The city of Novara, which currently has a population of about 100,000, is the second most populous city in Piedmont after Turin and it’s also the capital of the homonymous province of Piedmont.
Among the 13 wards (circoscrizioni) Novara is divided into, the Historic Centre ward takes its name from its old town.
In the past, the city was surrounded by a city wall, but it was later demolished to allow for urban development. All that remains of the old wall is the Albertina Barrier (Barriera Albertina), a complex of two Neoclassical buildings which used to be the gateway to the city, a fixed route for those travelling from Turin to Milan.

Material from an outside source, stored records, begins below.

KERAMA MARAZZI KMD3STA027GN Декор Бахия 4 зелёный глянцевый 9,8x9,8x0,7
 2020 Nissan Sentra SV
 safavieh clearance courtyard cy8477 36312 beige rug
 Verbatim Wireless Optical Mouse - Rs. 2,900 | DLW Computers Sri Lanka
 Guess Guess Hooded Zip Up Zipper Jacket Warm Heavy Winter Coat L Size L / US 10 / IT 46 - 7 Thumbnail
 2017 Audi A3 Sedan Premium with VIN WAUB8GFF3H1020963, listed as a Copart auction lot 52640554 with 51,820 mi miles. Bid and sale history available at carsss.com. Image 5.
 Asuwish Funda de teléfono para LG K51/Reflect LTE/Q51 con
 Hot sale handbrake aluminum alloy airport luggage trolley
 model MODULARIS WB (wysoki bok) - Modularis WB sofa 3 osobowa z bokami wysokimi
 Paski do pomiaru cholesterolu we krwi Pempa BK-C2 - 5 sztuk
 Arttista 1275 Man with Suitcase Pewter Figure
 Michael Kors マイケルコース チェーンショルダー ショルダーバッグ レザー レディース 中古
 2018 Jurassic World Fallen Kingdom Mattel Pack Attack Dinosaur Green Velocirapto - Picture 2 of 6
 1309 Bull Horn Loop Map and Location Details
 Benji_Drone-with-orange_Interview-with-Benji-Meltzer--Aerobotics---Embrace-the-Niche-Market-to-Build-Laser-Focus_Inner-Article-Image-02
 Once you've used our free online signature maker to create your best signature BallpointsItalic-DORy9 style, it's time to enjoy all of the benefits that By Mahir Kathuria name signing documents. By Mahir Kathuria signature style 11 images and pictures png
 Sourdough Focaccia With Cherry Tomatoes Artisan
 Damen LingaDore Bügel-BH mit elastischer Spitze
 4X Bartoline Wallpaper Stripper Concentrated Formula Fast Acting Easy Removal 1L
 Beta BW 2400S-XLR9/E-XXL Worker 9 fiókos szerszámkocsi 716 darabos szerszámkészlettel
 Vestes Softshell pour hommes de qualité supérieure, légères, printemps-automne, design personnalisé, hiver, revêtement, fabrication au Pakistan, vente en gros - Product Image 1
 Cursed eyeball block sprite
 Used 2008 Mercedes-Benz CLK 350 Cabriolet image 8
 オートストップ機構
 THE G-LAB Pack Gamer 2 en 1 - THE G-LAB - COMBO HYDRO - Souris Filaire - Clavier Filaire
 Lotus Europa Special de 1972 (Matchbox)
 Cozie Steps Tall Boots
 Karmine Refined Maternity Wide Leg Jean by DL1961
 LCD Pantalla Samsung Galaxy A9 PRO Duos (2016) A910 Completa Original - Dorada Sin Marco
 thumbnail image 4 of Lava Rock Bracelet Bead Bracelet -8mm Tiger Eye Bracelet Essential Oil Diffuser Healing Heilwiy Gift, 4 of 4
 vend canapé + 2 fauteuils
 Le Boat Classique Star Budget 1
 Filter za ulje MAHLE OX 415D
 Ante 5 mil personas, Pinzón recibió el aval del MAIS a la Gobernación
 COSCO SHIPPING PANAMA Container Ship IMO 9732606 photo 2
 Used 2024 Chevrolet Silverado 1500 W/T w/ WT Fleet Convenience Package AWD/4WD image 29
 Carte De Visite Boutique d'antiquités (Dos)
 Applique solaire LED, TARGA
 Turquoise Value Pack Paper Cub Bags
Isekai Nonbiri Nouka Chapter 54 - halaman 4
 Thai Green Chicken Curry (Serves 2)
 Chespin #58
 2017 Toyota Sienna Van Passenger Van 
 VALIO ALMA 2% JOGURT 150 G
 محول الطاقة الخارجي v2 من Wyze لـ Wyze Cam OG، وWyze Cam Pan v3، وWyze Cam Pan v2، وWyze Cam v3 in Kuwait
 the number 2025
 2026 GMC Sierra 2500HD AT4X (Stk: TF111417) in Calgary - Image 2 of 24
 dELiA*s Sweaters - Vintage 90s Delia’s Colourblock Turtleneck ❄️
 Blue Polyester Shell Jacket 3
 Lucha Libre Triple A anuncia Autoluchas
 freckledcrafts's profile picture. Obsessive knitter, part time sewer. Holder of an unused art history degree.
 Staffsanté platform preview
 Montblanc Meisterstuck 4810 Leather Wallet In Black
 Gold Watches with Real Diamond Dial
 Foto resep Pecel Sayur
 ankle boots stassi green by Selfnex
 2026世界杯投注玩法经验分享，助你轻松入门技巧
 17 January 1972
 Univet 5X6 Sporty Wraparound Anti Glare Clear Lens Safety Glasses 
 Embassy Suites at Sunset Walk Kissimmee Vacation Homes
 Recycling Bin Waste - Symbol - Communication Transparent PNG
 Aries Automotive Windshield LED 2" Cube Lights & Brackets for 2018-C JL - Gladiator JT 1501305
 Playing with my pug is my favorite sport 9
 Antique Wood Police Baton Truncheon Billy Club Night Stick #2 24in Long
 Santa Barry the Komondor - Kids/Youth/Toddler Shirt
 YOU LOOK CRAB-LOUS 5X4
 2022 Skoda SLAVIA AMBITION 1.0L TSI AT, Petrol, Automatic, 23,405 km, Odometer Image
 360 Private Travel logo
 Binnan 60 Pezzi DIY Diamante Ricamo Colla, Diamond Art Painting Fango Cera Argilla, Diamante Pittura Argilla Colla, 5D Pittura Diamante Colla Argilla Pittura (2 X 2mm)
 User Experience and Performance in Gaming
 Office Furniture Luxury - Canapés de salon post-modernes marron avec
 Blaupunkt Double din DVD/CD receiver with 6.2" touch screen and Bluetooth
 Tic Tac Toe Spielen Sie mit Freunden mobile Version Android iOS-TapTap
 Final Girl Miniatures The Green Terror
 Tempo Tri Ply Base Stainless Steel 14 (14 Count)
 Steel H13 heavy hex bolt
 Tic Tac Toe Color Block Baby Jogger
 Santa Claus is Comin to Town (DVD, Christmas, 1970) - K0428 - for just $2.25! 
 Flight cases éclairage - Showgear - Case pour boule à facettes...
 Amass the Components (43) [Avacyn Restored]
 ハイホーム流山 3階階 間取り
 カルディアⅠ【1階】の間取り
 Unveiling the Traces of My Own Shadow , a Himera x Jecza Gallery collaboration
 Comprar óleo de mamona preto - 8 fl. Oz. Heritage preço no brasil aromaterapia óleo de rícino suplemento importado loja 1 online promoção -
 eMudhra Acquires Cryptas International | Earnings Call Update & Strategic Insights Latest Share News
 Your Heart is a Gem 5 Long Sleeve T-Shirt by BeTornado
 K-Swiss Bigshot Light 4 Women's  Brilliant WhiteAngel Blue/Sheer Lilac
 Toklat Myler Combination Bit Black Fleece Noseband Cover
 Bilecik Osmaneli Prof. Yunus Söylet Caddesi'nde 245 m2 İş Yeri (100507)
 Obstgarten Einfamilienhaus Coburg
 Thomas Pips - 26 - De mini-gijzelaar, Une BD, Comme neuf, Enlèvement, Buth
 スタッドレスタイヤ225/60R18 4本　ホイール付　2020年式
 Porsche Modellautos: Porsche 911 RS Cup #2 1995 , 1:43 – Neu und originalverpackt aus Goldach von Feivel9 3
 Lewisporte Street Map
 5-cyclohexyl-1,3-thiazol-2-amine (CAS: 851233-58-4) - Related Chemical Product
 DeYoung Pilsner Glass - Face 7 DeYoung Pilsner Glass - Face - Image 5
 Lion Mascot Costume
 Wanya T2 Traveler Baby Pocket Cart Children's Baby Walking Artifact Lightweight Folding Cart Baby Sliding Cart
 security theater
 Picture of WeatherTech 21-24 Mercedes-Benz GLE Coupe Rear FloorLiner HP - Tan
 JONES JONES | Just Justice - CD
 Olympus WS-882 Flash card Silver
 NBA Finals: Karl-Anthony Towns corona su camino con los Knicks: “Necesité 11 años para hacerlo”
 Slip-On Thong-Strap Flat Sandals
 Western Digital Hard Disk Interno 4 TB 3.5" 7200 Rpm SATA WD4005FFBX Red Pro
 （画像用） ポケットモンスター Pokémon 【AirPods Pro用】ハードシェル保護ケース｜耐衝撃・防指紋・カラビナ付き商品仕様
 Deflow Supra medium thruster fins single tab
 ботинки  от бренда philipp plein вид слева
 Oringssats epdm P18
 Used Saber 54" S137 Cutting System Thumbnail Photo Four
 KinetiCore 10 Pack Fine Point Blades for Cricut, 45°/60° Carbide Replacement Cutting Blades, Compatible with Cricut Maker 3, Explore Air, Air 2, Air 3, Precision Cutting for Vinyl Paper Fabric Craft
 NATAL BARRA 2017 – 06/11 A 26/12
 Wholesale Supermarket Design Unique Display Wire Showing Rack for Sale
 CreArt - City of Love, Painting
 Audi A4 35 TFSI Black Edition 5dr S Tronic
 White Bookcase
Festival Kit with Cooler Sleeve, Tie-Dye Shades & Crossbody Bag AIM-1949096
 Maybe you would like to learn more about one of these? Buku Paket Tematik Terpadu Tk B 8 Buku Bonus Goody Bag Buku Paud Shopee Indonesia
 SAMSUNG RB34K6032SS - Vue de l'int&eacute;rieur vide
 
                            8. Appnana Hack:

After its demolition, the city wall was replaced by the present-day ramparts, that is large tree-lined avenues which surround the old town.
A town with about 45,000 inhabitants, Vercelli is the capital of the homonymous province as well as one of the most important art cities in Piedmont. Its charming well-preserved historic centre is filled with beautiful medieval towers and ancient Renaissance and Baroque palaces. However, the city is better known for its famous St Andrew’s Basilica (Basilica of Sant’Andrea), a Romanesque-Gothic masterpiece in Northern Italy, and its remarkable museums, such as the Camillo Leone Museum and, above all, the Burgundy Museum –the most important picture gallery of the region after that of the Savoy Gallery (Galleria Sabauda) in Turin.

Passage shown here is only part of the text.